Quando ambas características se unem em uma frase, podemos dizer algo extremamente preciso, e ao mesmo tempo sugerir una infinidade de outras coisas. Assim, corretamente traduzido, um texto japonês pode ser de uma profundidade e simplicidade exemplar e, ao mesmo tempo, constituir uma versão enganosa, pois todos os outros múltiplos significados gloriosos foram perdidos ao pretender traduzir para uma língua estrangeira o espírito da língua japonesa, como por exemplo um koan (idéia) zen, ou um clássico poema haiku.

É por essa razão que o japonês pode se estender infinitamente com uma linguagem coloquial para expressar um sentido e, por outro lado expressar toda uma situação com uma só palavra, o que para um ocidental demandaria numerosas frases detalhadas e abstrusas.

Conta-se que se por desventura o japonês cedesse ao espírito racionalista e utilitarista tão característico da cultura ocidental, abandonando o seu kanamajiri, e se restringindo a uma linguagem extremamente simples de kanas, perderia com isso não apenas sua riqueza, procedente de um tesouro tradicional milenar, mas também seu poderoso instrumento intelectual e espiritual representado pela sua inigualável língua.

Não é apenas por razão de ordem estética que os japoneses conservavam zelosamente sua língua. Talvez, por serem extremamente pragmáticos, essas duas tendências niponas se reforcem na hora de conservar uma língua escrita que, além de esteticamente valiosa, abriga elementos intelectuais ilimitados, que permitem um grau de refinamento cultural que a maioria das línguas não poderia desenvolver. Tudo isso se associa à infinita paciência de decifrar, entender e dominar no mínimo 1900 caracteres gráficos, desde a infância escolar; e saber que isso é apenas o início de um universo lingüístico exuberante e dinâmico, que tem muita relação com disciplina, paciência, constância, delicadeza. Assim como a perspicácia e adaptabilidade que o povo japonês tem para assimilar rapidamente tudo que é novo e que chega ao seu mundo circundante, essa perspicácia a caracteriza na hora de abordar qualquer tema, não apenas tecnológico, mas especialmente os relacionados ao espírito humano.

A POESIA DO SOL NASCENTE
A seguir oferecemos uma breve pincelada de uma das formas de arte tradicionais da escrita, a poesia, sutil e bela, inegavelmente arraigada na natureza e na alma religiosa do mundo japonês, que por suas conotações lingüísticas nos interessa no momento.

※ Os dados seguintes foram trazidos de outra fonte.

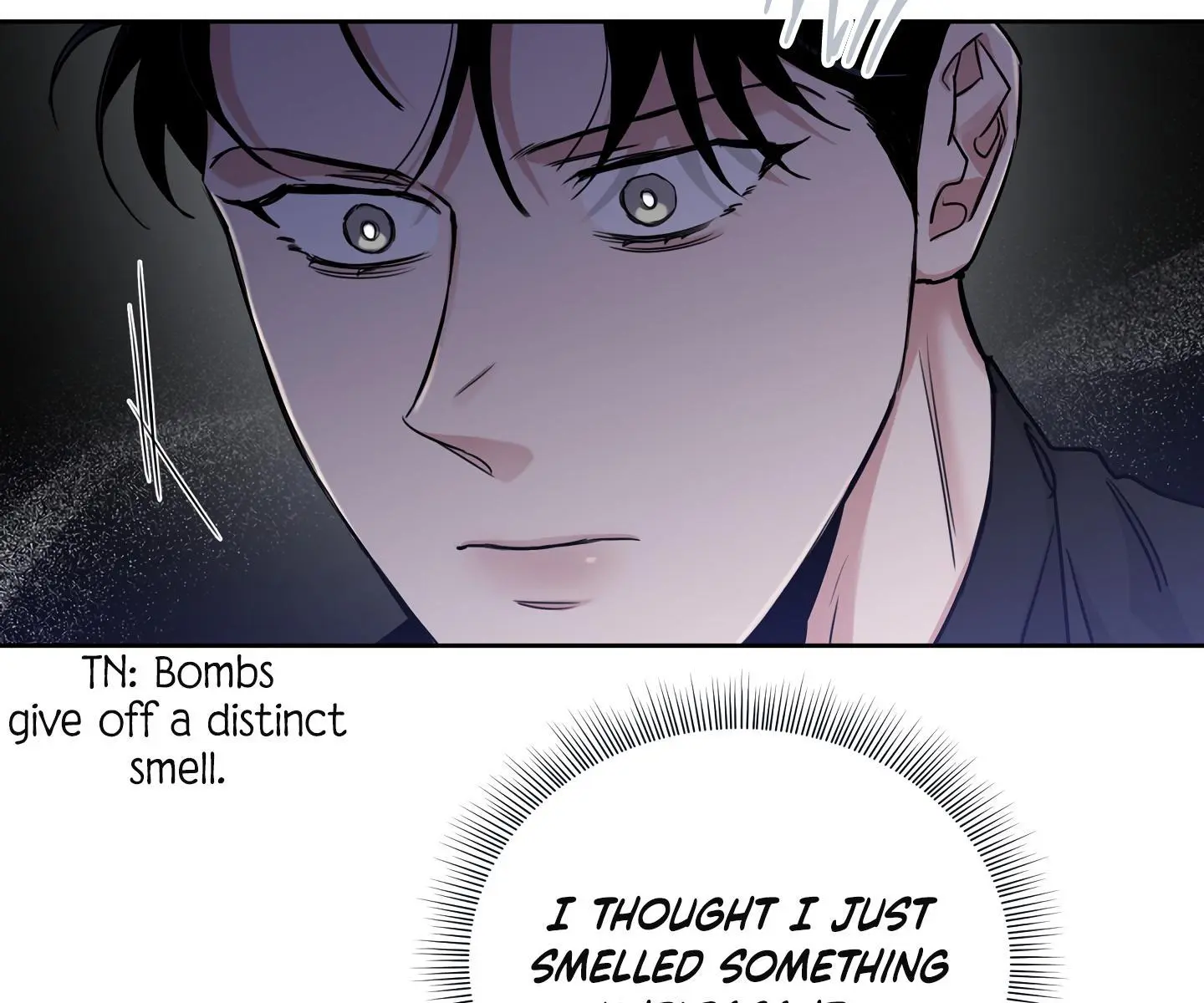 Roses and Champagne Chapter 61 Page 62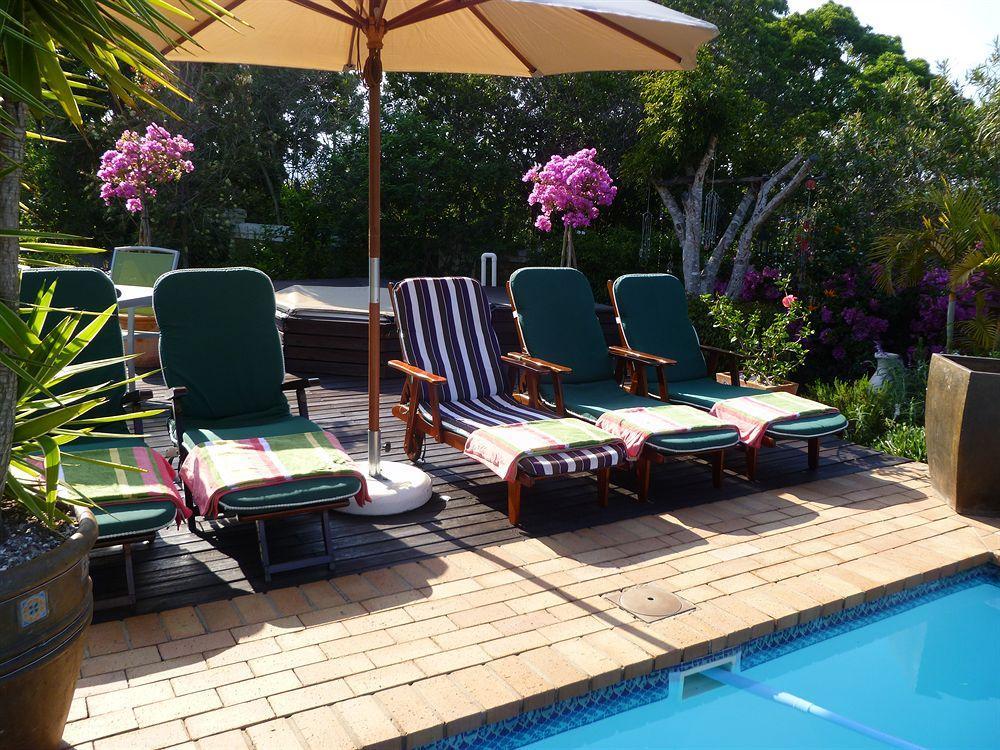 Candlewood Lodge Knysna Dış mekan fotoğraf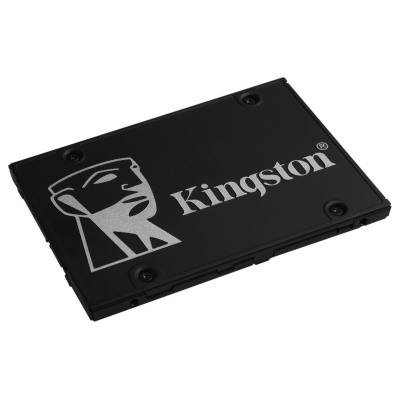 Kingston 1024GB SSD KC600 SATA3 2.5inch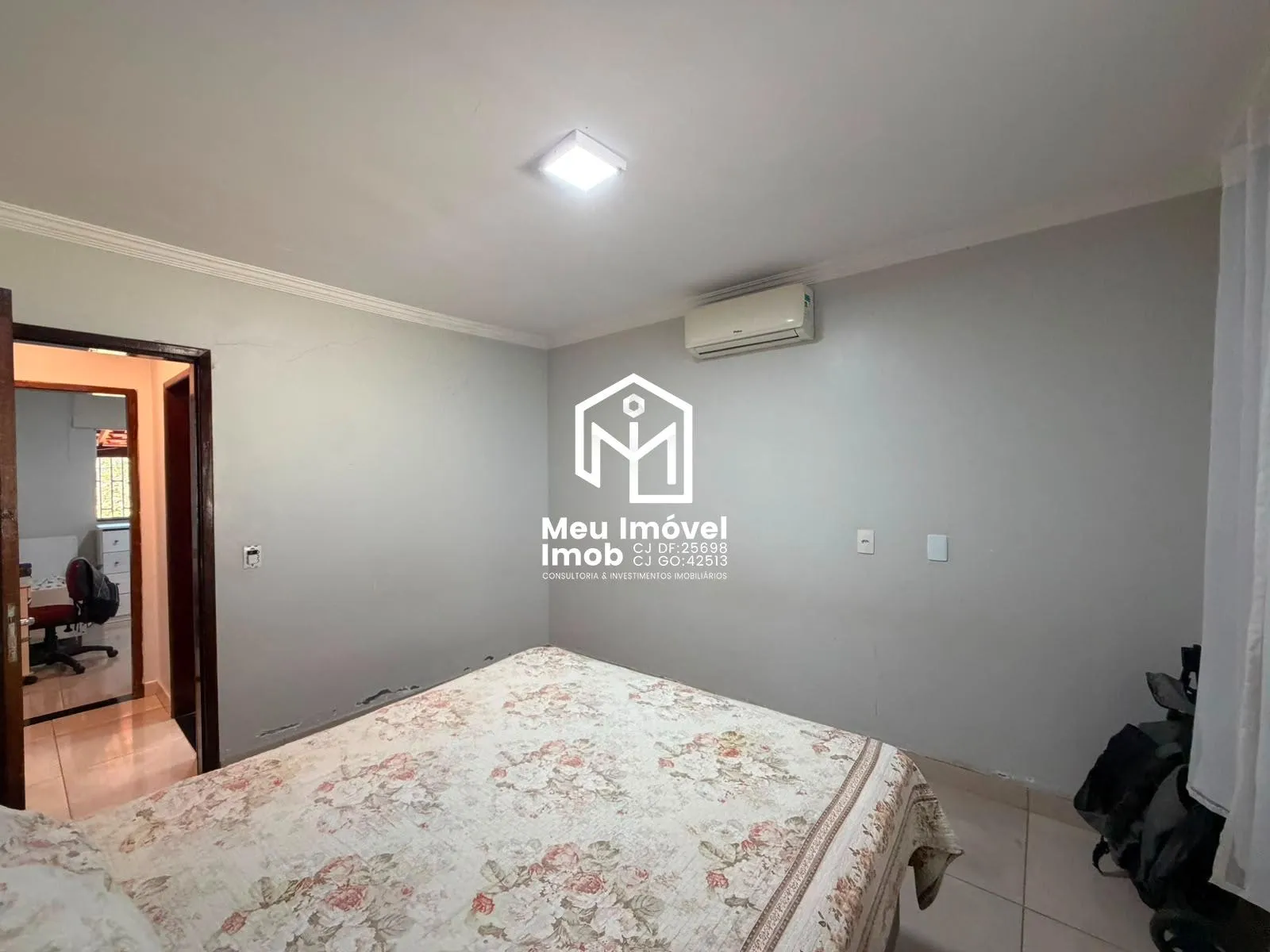 Imagem Condomínio Park Bela Vista Casa 2 Quartos 2 Vagas 60m² SHA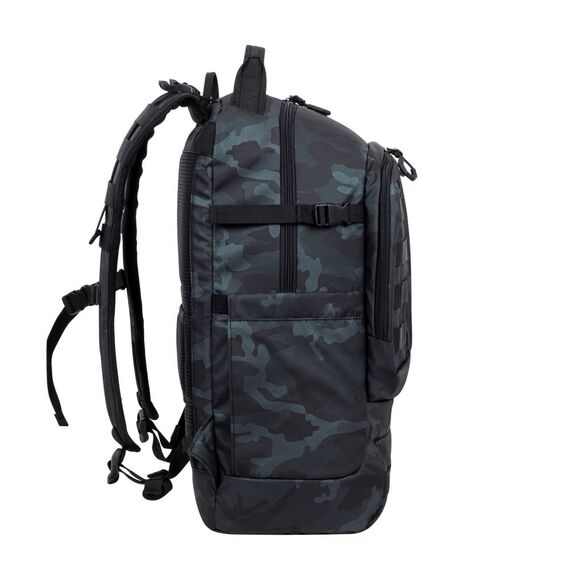 Rivacase Sherwood 7661 32L 17.3in Backpack Navy Camo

Uma das melhores definições do que significa a poesia para o povo japonês é encontrada nos alvores de sua literatura, no prólogo de Kokinshuu (Coleção de poesia antiga e moderna), de 905 d. C. São palavras de um de seus compiladores, Kino Tsurayuki:

A poesia japonesa tem uma semente no coração humano e cresce em inumeráveis folhas de palavras. Nesta Vida muitas coisas impressionam aos homens: eles buscam então expressar seus sentimentos por meio de imagens extraídas do que vêem ou ouvem. Quem há dentre os homens que não componha poesia ao ouvir o canto do rouxinol entre as flores, ou o croar da rã que vive na água? A poesia é aquilo que, sem esforço, move o céu e a terra e provoca compaixão em demônios e deuses invisíveis; o que faz doces os laços entre homens e mulheres; e o que pode confortar os corações de férreos guerreiros.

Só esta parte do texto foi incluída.